From quantum superposition to cell fate to desert monsoon to human consciousness, the pattern recurs: a system reaches a threshold where multiple possibilities become simultaneously present, and the quality of what meets that moment determines which possibility becomes real.

The Infrastructure: Self-Observation and Self-Remembering

If hyparxis is the dimension, then there are specific practices that build the infrastructure to access it. Two practices from the Fourth Way tradition form the foundation of everything I do, both with clients and in my own life.

  • Self-observation is the practice of seeing yourself in real time. Not analyzing. Not judging. Watching. Noticing which "I" is driving at any given moment. The one who reacts to criticism with defensiveness. The one who reaches for the phone when stillness becomes uncomfortable. The one that tells the same story about why change is not possible. In the Fourth Way, this is sometimes called seeing the "many I's," the recognition that what we call "I" is actually a rotating cast of habits, impulses, and conditioning, each taking the wheel without being chosen.

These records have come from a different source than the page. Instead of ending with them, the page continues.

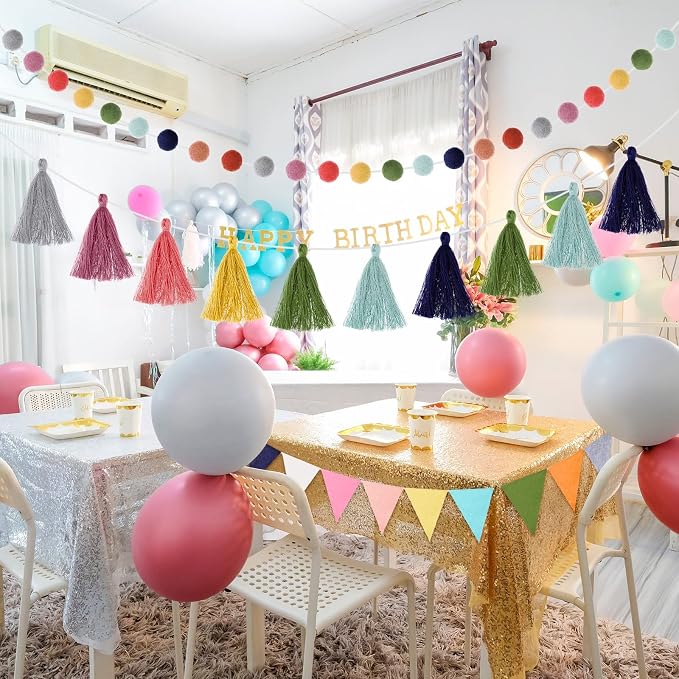 Irenare 9.8 ft Pom Pom Garland for Classroom Felt Rainbow Garland Back to - Image 8
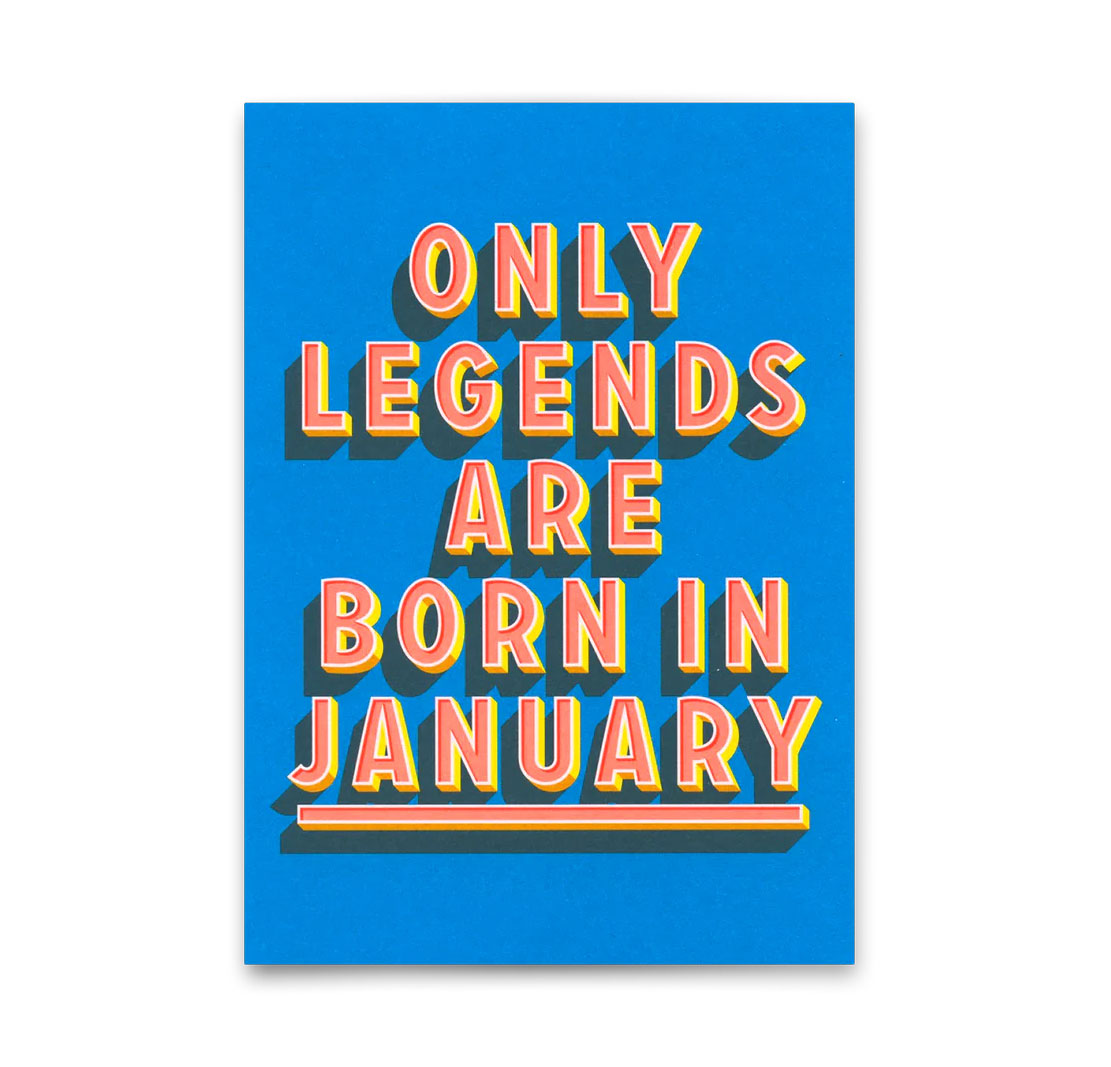 Postkarte "Legends Januar" | Coole Karte mit Spruch zum Geburtstag von Deli Cards      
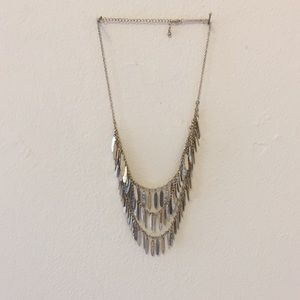 Gold and Silver 3 chain Drop Necklace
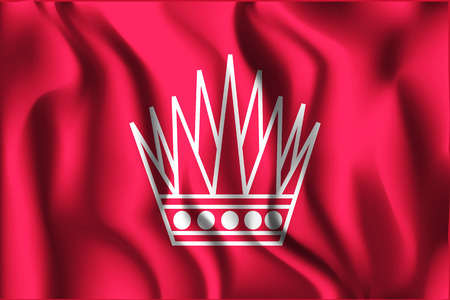 Variant Flag of Bahrain. Rectangular Shape Icon with Wavy Effectのイラスト素材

  • Self-remembering is different. It is the practice of evoking a particular quality of self at a particular moment. Where self-observation watches what is happening, self-remembering chooses what is present. It is the act of bringing a fuller, more awake version of yourself into the room. Not as an idea. As a felt reality. A shift in the quality of your attention that changes everything it touches.

For years, I studied these practices at the Awareness School in Seattle, a Fourth Way school founded by Molly Knight Forde and Sean Forde, trained under John McPherson. The school teaches self-observation, meditation, Gurdjieff Movements, and what they call practical awareness in daily life. One of the simplest and most powerful practices we did was this: each week, we would sit in a circle and share a moment from the past seven days when we had experienced a flash of conscious awareness. Not a peak experience. Not something dramatic. Just a moment when we woke up inside our own lives. When were you aware this week? We would explore what contributed to the moment. What was happening in the body? How did it arrive? What was it like? By naming those moments in community, by giving them attention and language, we found they began to multiply. Awareness, it turns out, responds to being noticed.

That practice is the infrastructure for hyparxis. Self-observation clears the mechanical debris. Self-remembering creates the quality of presence that can meet the hyparchic moment when it arrives. Together, they are the daily work that makes the wider dimension accessible, not only in ceremony but in the kitchen, in the argument, in the silence after the children fall asleep.

The measure of a man’s hyparxis is the measure of his freedom.
— J.G. Bennett

How Hyparxis Shows Up in the Work

  • In coaching sessions, hyparxis arrives as a shift in quality. A client may spend forty-five minutes cycling through the same story. Then something changes. A question lands. A silence opens. They say something they have never said before, not because they planned to, but because the moment opened enough to hold it. My work is to hold the space steady so the opening can complete itself.

  • In ceremony, hyparxis is what the sacrament makes available. When psilocybin softens the grip of habitual identity, what Bohm called the explicate order loosens. The person simultaneously contacts both who they have been and who they could become. Not every ceremony reaches this depth. The ones that do are unmistakable. The person is not watching a vision. They are in a choice.

  • Between sessions is where most of the work takes place. Blake pointed out that hyparxis produces recurrence: the return of the same pattern, each time offering a new opportunity to engage from a different level. The same trigger arrives. The same loop begins. But this time the person notices before it completes. This is self-observation becoming self-remembering becoming genuine choice. A practice as simple as pausing before a habitual reaction and asking is there another possibility here? is the beginning of hyparchic living.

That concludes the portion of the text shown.